Significance. If the performance gains can be attributed to the described architecture and training changes rather than scale increases, the work would deliver open, reproducible models that advance multimodal fusion for both static images and temporal video reasoning, providing a useful baseline for the community.

major comments (2)
  1. [Experiments / Results] The central attribution of SOTA results to the inherited visual-expert architecture plus higher-resolution support and revised training recipes is not supported by any scale-matched ablations or baseline comparisons. No parameter counts, data-volume details, or controlled experiments isolating these factors from raw scaling are provided, leaving the link between the proposed changes and the reported deltas unverified.
  2. [Model Architecture / Video Understanding] The description of the automated temporal grounding data construction for CogVLM2-Video is too high-level to allow reproduction or independent verification of its contribution to MVBench and VCGBench gains.
minor comments (1)
  1. [Abstract] The abstract states that models 'inherit the visual expert architecture with improved training recipes' without enumerating the concrete recipe changes; a brief enumeration would improve clarity.

Simulated Author's Rebuttal

2 responses · 1 unresolved

We thank the referee for the constructive feedback on our manuscript. We address the major comments point by point below, providing the strongest honest defense of our contributions while acknowledging areas where additional details or clarifications are warranted. We will incorporate revisions to improve clarity and reproducibility.

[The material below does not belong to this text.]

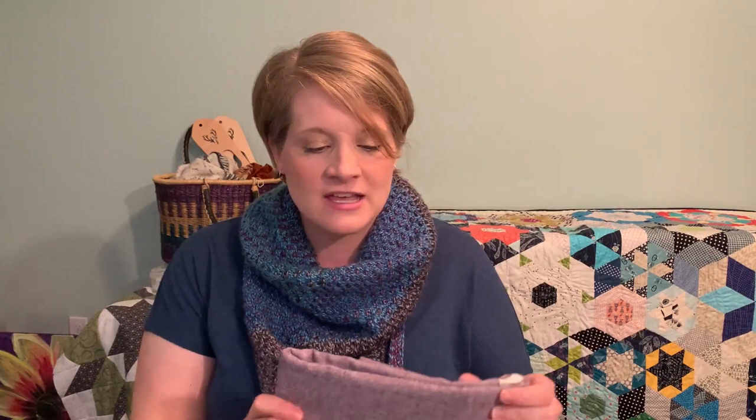I do have some sewing plans as well. I haven't really started anything yet — I have my pattern printed and everything. I am going to be working on the Hinterland dress. I'll post a picture here. I am going to make it out of Kaufman's Essex yarn dyed linen blend in eggplant. Currently the fabric is in the washing machine getting washed so I can start.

read point-by-point responses
  1. Referee: [Experiments / Results] The central attribution of SOTA results to the inherited visual-expert architecture plus higher-resolution support and revised training recipes is not supported by any scale-matched ablations or baseline comparisons. No parameter counts, data-volume details, or controlled experiments isolating these factors from raw scaling are provided, leaving the link between the proposed changes and the reported deltas unverified.

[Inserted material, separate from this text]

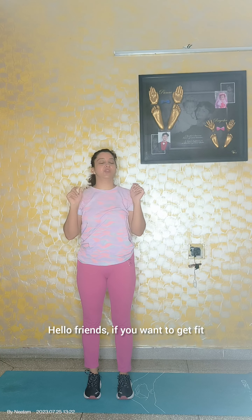Hello friends, if you want to get fit, if you want to lose weight, then definitely this video is for you. So now quickly get started.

    Authors: We acknowledge that the manuscript does not contain explicit scale-matched ablations or controlled baselines that fully isolate the visual-expert architecture, higher-resolution support, and revised training recipes from potential effects of increased model scale or data volume. CogVLM2 extends the visual-expert design introduced in our prior CogVLM work, with targeted enhancements in resolution (up to 1344×1344) and training procedures; the reported SOTA results on MMBench, MM-Vet, TextVQA, MVBench, and VCGBench reflect the cumulative outcome of these changes. In the revised manuscript we will add explicit parameter counts for CogVLM2, CogVLM2-Video, and GLM-4V, along with available details on pre-training and post-training data volumes. Full isolation experiments would require substantial additional compute resources beyond the scope of this submission; however, the open-source release of models and code enables independent verification and further ablation studies by the community. revision: partial

  2. Referee: [Model Architecture / Video Understanding] The description of the automated temporal grounding data construction for CogVLM2-Video is too high-level to allow reproduction or independent verification of its contribution to MVBench and VCGBench gains.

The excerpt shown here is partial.